How To Measure The ROI of Digital Marketing Accurately
A common experience that cuts across different eCommerce niches among eCommerce executives and business owners is a sense of blindness towards measuring their digital marketing ROI. But is it possible to measure the ROI of your digital marketing? The short answer is yes. There are software tools that measure your marketing input and result, which will give you a sense of what your ROI is. With that, you will have some data that you can use to make predictions about your future marketing campaigns.
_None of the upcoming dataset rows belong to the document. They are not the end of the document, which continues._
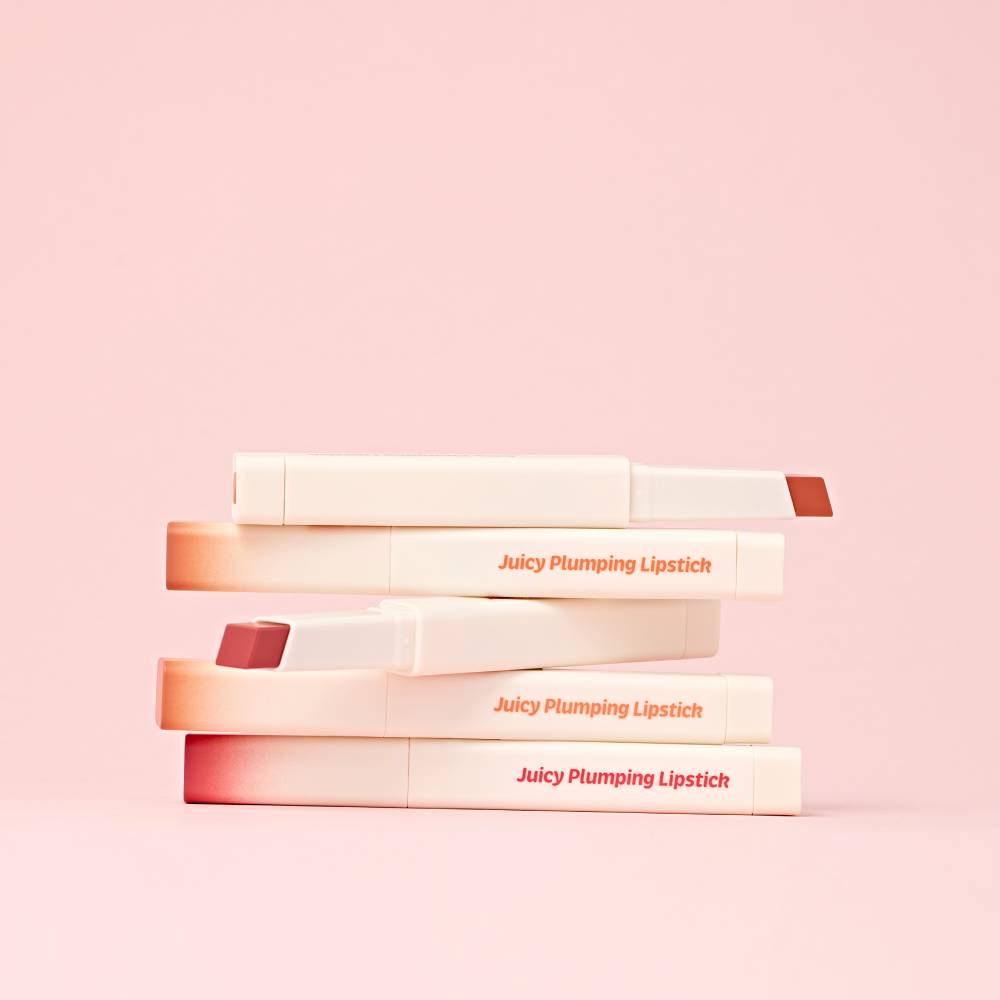 TOUCH IN SOL Vegan Again Juicy Plumping Lipstick displayed in a stack on a pink background.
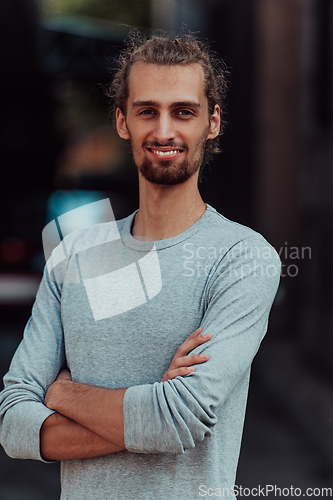 Image of Portrait of a young successful businessman with crossed arms in front of the company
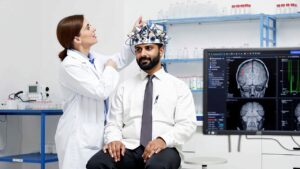 Doctor adjusting a QEEG headset on a patient during a neurofeedback session, with brain scan results displayed on a computer screen for neurological assessment. | Mind Brain Institute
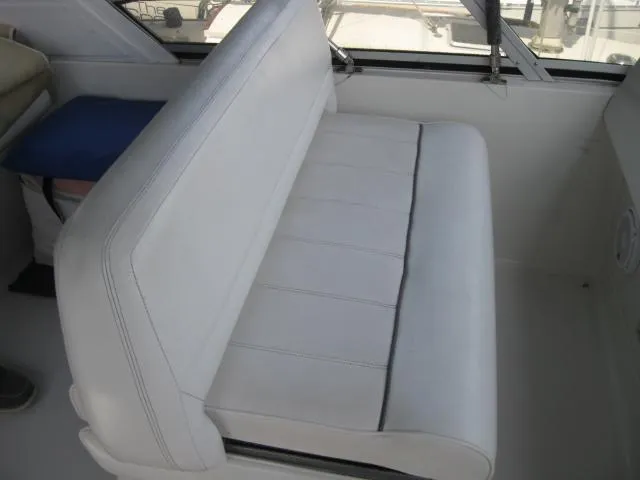 Slide: The Image of White seating on 1996 Carver 320 Voyager boat interior. - 6
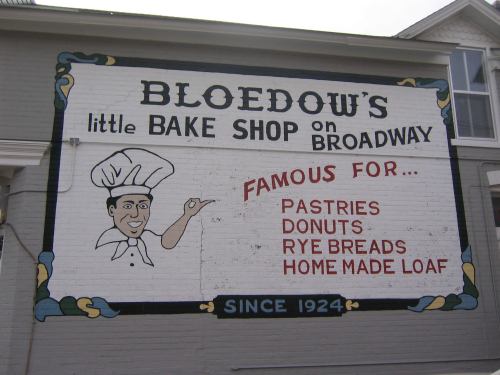 Mural of Bloedow's Bake Shop sign featuring a chef and listing pastries, donuts, rye breads, and home-made loaf since 1924.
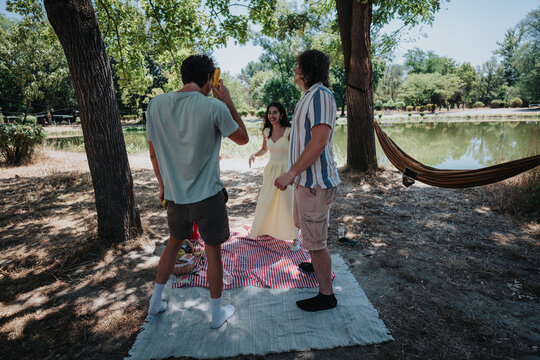 A cheerful outdoor picnic scene by a pond, featuring two men, a woman in a yellow dress, a photographer, and a hanging hammock under leafy trees. Relaxed, casual, sunlit moment.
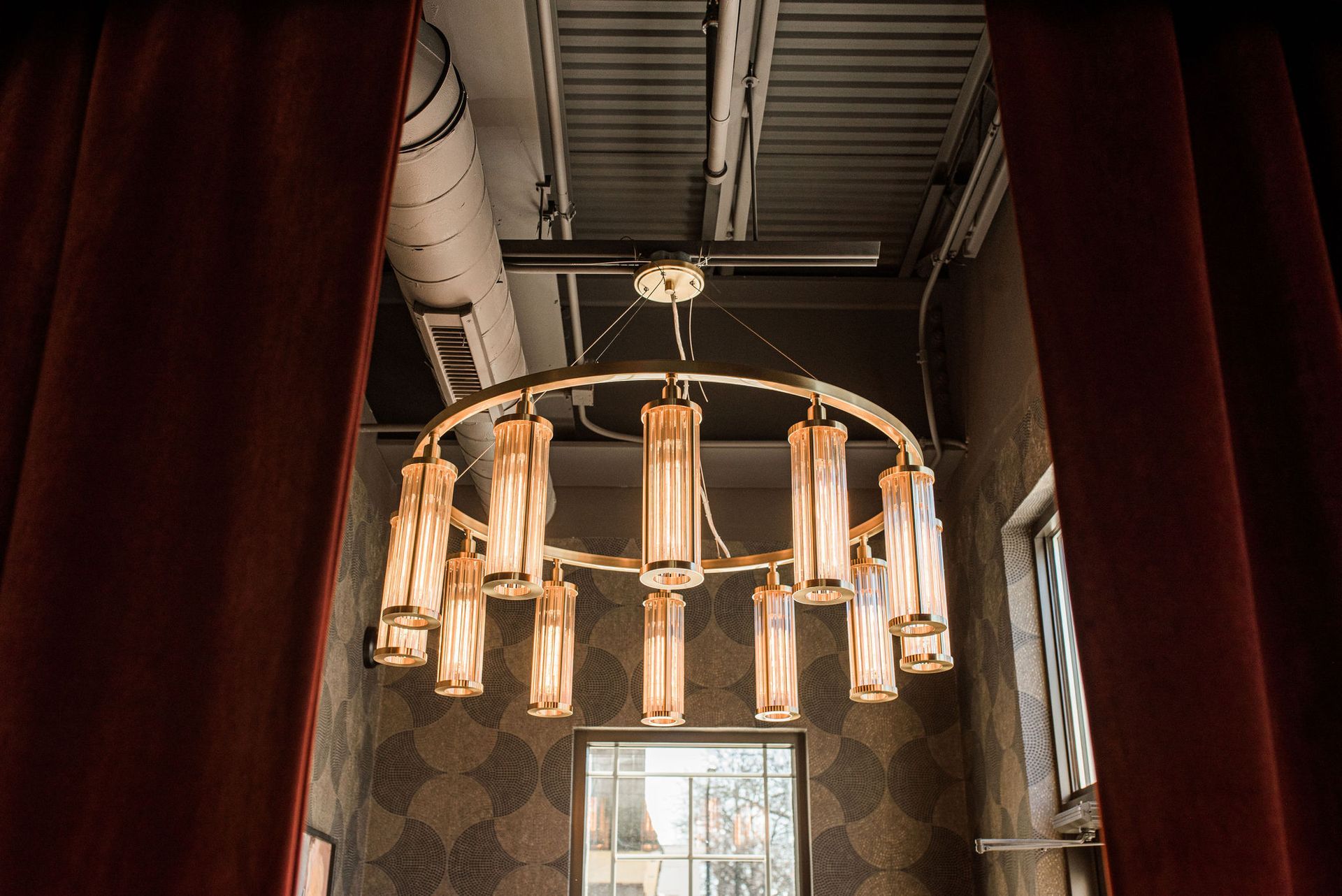 A large chandelier is hanging from the ceiling in a room.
However, you also need to complement this with competitor analyses, which require you to know where to look and what to measure. If you can get good insights, you also have to compare the results and set your marketing standards, a data set, which will cover your ROI goals, KPIs and OKR. The issue with this is that during the data collection and competitor analyses phases, you will find several insignificant variables that appear useful to your data set. Despite the challenges, eCommerce marketers still find a way to collect critical data to use as a formula for measuring digital marketing ROI.
Now that you know that there are effective ways to collect critical data for measuring ROI, let’s look at some of the obstacles you will face in the process.
Too Many Cooks Spoil The Broth
When it comes to collecting and making sense of data, one of the quickest ways to make your efforts almost useless is to assign multiple people to the task. Like the old saying, too many cooks spoil the broth; when you have more than one person collecting and analyzing data, your data will lack clarity. The context will be unclear and the source will be undefined. Not to mention that it will be difficult to see the clear use of the data.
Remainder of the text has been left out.